Com o Prof. Borges da Silva partilho não só a aptidão pelo conhecimento pluridisciplinar, mas, também, o gosto pela prática, por "meter a mão na massa", pela experimentação. A tese de doutoramento do Prof. Borges da Silva, sobre amplificadores paramétricos, envolveu uma componente teórica, mas, também, uma forte componente experimental. Para isso, foi-lhe necessário construir todos os componentes de que não pode dispor, o que envolveu não só a realização de circuitos eletrónicos, mas, também, a construção mecânica desses componentes.

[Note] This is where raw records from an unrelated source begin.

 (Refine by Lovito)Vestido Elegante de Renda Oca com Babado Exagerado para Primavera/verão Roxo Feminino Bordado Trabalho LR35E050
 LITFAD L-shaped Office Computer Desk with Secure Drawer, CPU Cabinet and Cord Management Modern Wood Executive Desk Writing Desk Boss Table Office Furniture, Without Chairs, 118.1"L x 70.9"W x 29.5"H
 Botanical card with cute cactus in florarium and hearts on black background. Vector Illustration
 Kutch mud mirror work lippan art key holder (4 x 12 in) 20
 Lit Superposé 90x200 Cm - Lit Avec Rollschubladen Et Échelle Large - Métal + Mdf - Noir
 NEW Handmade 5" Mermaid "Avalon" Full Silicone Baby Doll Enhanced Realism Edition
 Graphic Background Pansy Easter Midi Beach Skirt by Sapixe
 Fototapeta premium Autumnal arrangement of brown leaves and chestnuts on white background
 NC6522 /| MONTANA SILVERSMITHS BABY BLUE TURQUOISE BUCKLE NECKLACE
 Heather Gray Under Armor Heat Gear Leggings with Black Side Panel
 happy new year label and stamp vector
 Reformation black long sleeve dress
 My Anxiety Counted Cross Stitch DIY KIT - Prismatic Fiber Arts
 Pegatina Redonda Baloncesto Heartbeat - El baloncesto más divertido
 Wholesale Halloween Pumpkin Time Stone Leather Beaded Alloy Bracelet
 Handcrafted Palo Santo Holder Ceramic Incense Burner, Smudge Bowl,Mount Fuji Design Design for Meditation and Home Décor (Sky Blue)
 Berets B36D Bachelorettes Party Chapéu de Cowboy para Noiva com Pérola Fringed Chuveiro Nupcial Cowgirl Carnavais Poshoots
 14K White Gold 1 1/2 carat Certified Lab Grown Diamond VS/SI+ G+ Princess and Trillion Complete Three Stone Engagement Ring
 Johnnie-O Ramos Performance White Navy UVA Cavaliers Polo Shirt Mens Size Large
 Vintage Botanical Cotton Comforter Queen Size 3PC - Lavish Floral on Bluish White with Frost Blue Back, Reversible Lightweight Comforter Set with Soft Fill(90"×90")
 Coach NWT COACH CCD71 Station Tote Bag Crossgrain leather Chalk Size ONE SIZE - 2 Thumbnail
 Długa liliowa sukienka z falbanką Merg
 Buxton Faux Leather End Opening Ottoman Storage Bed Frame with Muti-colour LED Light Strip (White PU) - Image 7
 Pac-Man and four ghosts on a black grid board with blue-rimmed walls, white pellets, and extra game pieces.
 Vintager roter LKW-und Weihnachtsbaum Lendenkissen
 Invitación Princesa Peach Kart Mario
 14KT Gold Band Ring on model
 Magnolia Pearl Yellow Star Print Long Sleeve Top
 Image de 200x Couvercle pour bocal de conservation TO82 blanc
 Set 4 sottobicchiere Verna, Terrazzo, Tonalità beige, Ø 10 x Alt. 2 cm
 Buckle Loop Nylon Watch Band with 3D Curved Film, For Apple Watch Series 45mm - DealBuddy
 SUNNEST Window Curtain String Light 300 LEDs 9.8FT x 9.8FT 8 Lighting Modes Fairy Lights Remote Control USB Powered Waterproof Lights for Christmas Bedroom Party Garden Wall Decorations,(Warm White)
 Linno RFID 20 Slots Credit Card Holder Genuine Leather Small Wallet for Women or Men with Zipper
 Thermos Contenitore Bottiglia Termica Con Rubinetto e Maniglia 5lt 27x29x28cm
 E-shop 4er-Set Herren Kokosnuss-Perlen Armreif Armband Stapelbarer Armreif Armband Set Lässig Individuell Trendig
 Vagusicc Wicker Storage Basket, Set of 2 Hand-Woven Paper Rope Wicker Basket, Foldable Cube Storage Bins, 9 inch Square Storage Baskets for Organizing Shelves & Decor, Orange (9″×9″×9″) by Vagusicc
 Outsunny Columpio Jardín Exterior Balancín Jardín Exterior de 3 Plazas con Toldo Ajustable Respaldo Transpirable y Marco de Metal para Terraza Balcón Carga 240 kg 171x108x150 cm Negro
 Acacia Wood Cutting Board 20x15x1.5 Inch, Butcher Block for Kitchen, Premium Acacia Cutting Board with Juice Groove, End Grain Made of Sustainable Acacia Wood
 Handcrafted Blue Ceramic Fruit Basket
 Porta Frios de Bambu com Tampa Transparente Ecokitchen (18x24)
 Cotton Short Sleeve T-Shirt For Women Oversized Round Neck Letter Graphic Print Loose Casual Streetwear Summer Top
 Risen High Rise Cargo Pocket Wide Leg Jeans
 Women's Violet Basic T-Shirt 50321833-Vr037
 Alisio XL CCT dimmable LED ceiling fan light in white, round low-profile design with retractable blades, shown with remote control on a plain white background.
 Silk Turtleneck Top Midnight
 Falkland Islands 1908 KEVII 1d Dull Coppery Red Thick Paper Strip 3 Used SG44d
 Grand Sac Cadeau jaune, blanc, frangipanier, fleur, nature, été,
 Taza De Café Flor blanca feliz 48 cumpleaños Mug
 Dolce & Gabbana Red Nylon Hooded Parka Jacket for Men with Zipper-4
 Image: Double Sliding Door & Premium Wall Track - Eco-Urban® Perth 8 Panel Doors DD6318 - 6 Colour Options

Para essa construção, requerendo o recurso a mecânica de precisão, o Prof. Borges da Silva utilizou, ele próprio, as máquinas então existentes nas Oficinas do IST. Foi também com o Prof. Borges da Silva que percebi, melhor, o que era ser Engenheiro. A minha vocação sempre foi resolver problemas práticos reais - missão última de um engenheiro - mas com o Prof. Borges da Silva percebi que a boa prática da engenharia assenta no conhecimento técnico-científico pertinente, mas, também, em vários outros pilares - como a ética e a deontologia - e envolve várias componentes, como o trabalho em equipa, a organização do trabalho e do tempo e a concretização dos objetivos em tempo útil. A primeira "lição" sobre este assunto recebi-a na primeira frequência de ETI; convencido que tinha resolvido completa e corretamente todas as questões, foi com admiração que vi na pauta a minha nota: 15 valores! Surpreendido, e seguindo o protocol in illo tempore, disse ao "Prof. Narciso" - assim chamávamos ao senhor Narciso, que desempenhava as funções de Contínuo no Pavilhão de Eletricidade - que precisava de falar com o Prof. Borges da Silva, tendo ele providenciado aquele que seria o nosso primeiro encontro. Abreviando, o "único" erro da minha prova era o valor da capacidade de um condensador para compensação do fator de potência: deveria ser 15 pF e eu escrevi C=15 F dentro de uma "caixa", como usualmente fazia para identificar a resposta, sem qualquer comentário. Convém relembrar aos mais novos que em 1971, ano em tudo se passa, não havia máquinas de calcular para utilização dos alunos e que todas as contas eram feitas à mão recorrendo a uma régua de cálculo, competindo-nos manter o "controlo" sobre as potências de 10 - coisa que, por distração, eu não havia feito, mas sem ter notado a "impossibilidade" do valor. Como provavelmente a generalidade dos alunos faria, interroguei o Prof. Borges da Silva: mas quanto vale esta alínea? Resposta: "Girão, a questão não é quanto vale a alínea, mas quão grave é este erro. Daqui a poucos anos, o Girão será Engenheiro e não é aceitável indicar este valor para a capacidade do condensador". Continuou o Prof. Borges da Silva dizendo que embora não fosse o caso, erros de cálculo, como este, podem ter consequências muito graves, tendo dado como exemplo crítico o abatimento da cobertura das plataformas da estação de comboios do Cais do Sodré que, uma
década antes, em 1963, havia originado cerca de meia centena de mortos. O cuidado com os
cálculos e o espírito crítico que importa ter sobre os resultados obtidos - fundamentais em
Engenharia - foram conceitos que não mais esqueci e que não me cansei de transmitir aos
meus alunos ao longo dos meus quase 50 anos de docência!